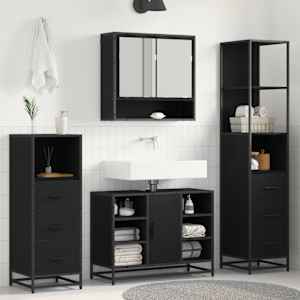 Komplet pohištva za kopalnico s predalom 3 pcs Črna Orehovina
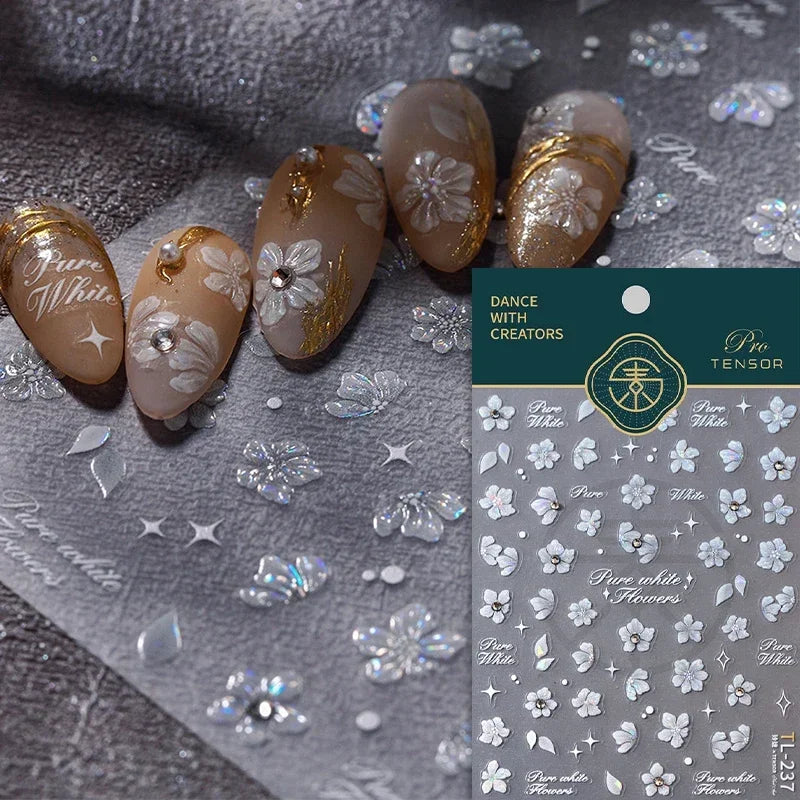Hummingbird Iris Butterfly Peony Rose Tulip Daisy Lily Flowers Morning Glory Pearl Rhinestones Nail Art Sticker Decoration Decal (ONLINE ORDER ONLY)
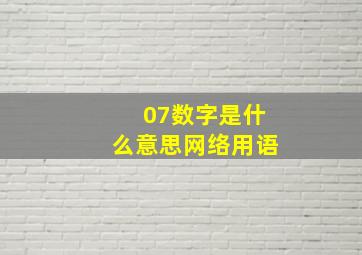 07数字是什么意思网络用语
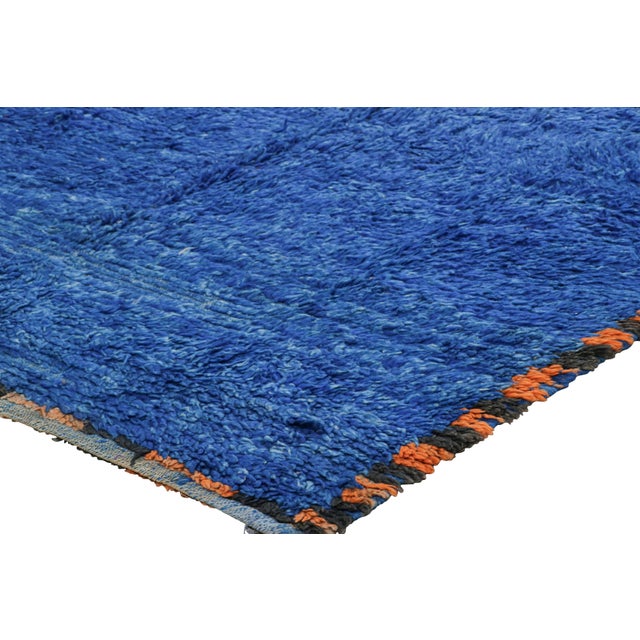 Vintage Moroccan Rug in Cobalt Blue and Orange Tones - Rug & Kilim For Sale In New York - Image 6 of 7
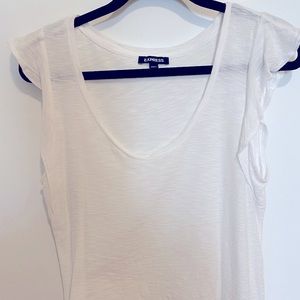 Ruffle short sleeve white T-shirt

= = = = = = =

- WHAT THIS TASK INVOLVES:
Could the entries above be returned verbatim, with no pictures included?

- EXPECTED ANSWER:
 Komplet pohištva za kopalnico s predalom 3 pcs Črna Orehovina
Hummingbird Iris Butterfly Peony Rose Tulip Daisy Lily Flowers Morning Glory Pearl Rhinestones Nail Art Sticker Decoration Decal (ONLINE ORDER ONLY)
 07数字是什么意思网络用语
 Vintage Moroccan Rug in Cobalt Blue and Orange Tones - Rug & Kilim For Sale In New York - Image 6 of 7
 Ruffle short sleeve white T-shirt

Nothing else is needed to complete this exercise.